All Sounds of SaGa Album Title: All Sounds of SaGa
Record Label: NTT Publishing
Catalog No.: N32D-007/8 (1st Print); NTCP-1004/5 (Reprint)
Release Date: December 21, 1991; December 12, 2004
Purchase: Buy at CDJapan

Overview

Greetings, video game music lovers. I'll be co-reviewing this rare (but highly tasty) soundtrack with Z-Freak. Since he's already given you a brief history of the SaGa games and a list of the composers, I'll just jump straight into the individual track reviews.

Track-by-Track Reviews

Disc One

1) Prologue

This is the piece that launched the gaming legacy known as SaGa. Like any good 'old skool' game track, its beauty is in its simplicity. The track begins with several echoes of a certain seven-note sequence that I will refer to in the next track. The body of the piece consists of a single 'flute', carrying on the slow, measured melody; a 'harp' which weaves around a bit; and a bass line which is nothing more than a series of slowly descending notes. The overall effect is wonderful. It's very hard to get tired of this piece, simple as it is.

2) Main Theme

Listen closely to the very first few notes of this melody, and you'll see that they sound a lot like the opening seven-note sequence in the previous track. Don't expect the rest of the piece to sound anything like the "Prologue," though. This piece is a very cheerful, adventurous piece. If you listen to the overall harmony of the piece (rather than just the melody), you'll find that the progressions are quite unusual, and I mean that in a good way.

3) Town Theme

Another slow flute-based piece, not unlike the "Prologue." This one has a slight sad touch to it. Since there are two instruments devoted to the melody, it sounds a lot like a flute duet.

4) Fight

Although this track isn't menacing enough in my opinion for an ideal battle theme, it's still quite enjoyable to listen to. This piece has some very nice composition. The various instruments intertwine with each other, rather than staying clearly separated as they are with most of the other tracks from Makaitoushi SaGa.

5) Eat the Meat

"Eat the Meat" is the victory theme used in all three of the early SaGas. It's probably the simplest piece in the whole soundtrack. Nice and bouncy, but not much else.

6) Demon Cave

This one is a creepy, foreboding piece. While the clear melody does cut down on the ambience, it's still quite effective as a mood piece. It's not going to make the adventurers flee in terror, but it's going to make them cautious and a bit despondent.

7) Hurry Up!

One of my favorites. This piece really takes off from the beginning, with a really cool melody and excellent backup from the other instruments. The melody itself has a distinct Eastern sound to it, and the overall harmony of the piece goes through some unexpected, yet highly enjoyable, changes. A real sweet piece of ear candy.

8) Fierce Battle

Okay, this battle theme has more bite to it than track "Fight," but to me it's just too slow! The sharp chords at the beginning prepare you for some wild, turbulent piece, but once the main melody kicks in, it becomes sort of a let-down. The dissonance in the harmony is a nice change, but the piece just seems to dance circles around itself.

9) Requiem

Yet another piece with a slow calculated melody. This one is rather sad (appropriately). I consider this to be the negative counterpart to the Prologue, as the two are very similar in composition. This one lacks the beauty of the "Prologue," but it gets the job done.

10) Forbidden Tower

The unusual harmonies used in this track make it an interesting mood piece, despite the rather repetitive bass instrumentation. The mood is hard to define, but to me it seems to represent a challenge that must be faced; not evil, but definitely mysterious.

11) Wipe Your Tears Away

Another SaGa classic. Again, the simple melody makes this piece. This track, however, develops more on its melody than the "Prologue" (for example). The melody is also not quite so slow and calculated. For some reason I never get any emotional feeling from this piece, but otherwise it's a gem.
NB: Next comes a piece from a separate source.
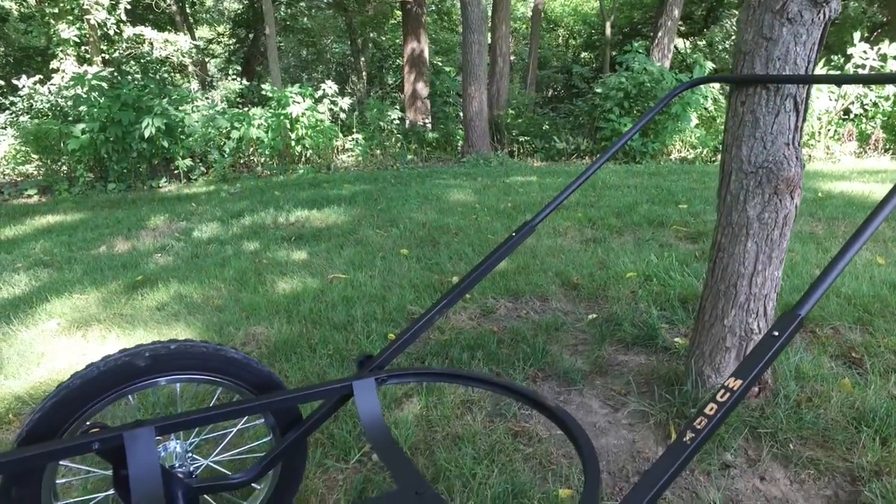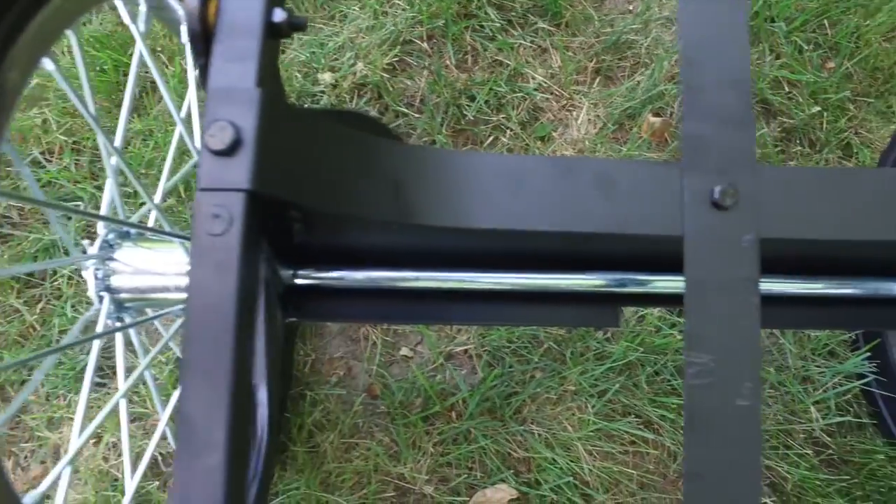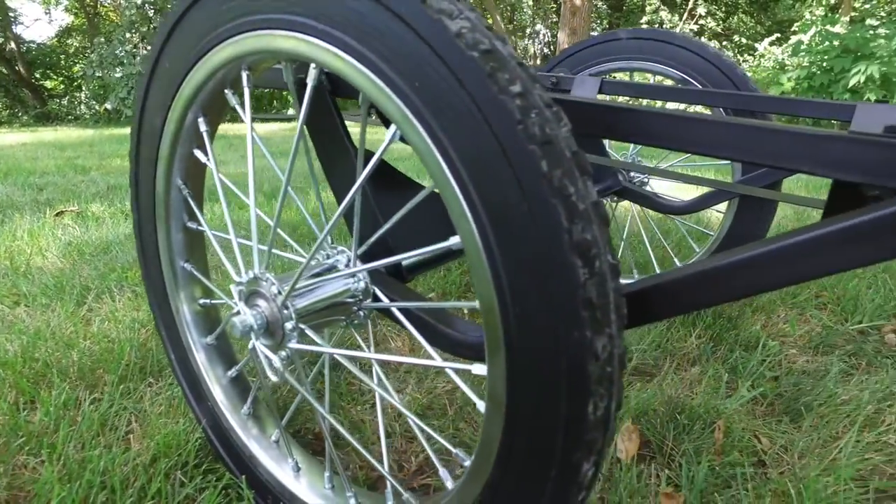The Mule game cart makes for easy transportation of your trophy after the harvest. With 16 inch diameter wheels and a 16 inch wide by 40 inch long platform, this cart offers a balanced design for easy in the field use.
12) Knights of the Demon World Tower

This track has some well-used dissonance and a very interesting rhythm; the melody is carried slowly by the first two instruments, while the third instrument plays at a different, faster tempo. I also like the blend of the instruments chosen, and how their sounds complement each other.

13) The Highest Floor

Getting the mood across seems to be the only point of this piece, and it certainly gets an uneasy mood going. The composition of the piece is sorely lacking in any substance, however.

14) Furious Battle

A piece that certainly fits the final boss of the game. It has a very strong and fast melody, complemented wonderfully by the harmony and the structure of the other two instruments. At one point, I think the composer somehow managed to change instruments in the middle of the piece. Before hearing this piece, I didn't think it was possible in Game Boy music! If you're the type of person who hates repetition in music, the composition of this track will give all the variation you could ever ask for.

15) Epilogue

The majority of this track consists of a remix or two of good old track "Main Theme." I like how the bass instruments do more work in this piece, giving a lot more support to the melody. It's also a treat to hear a piece which actually varies its tempo and instrumentation from time to time. While not excellent, it's certainly an above-average ending theme.

16) The Legend Begins

The good old SaGa prologue makes its second appearance. It's a bit faster than the Prologue used in Makaitoushi SaGa, and it's written in a slightly different key (you wouldn't notice unless you listened to the two versions back-to-back). The instruments also sound more natural in this version, and the fading effects give it more feeling. It's my personal favorite of the three "Prologue" themes.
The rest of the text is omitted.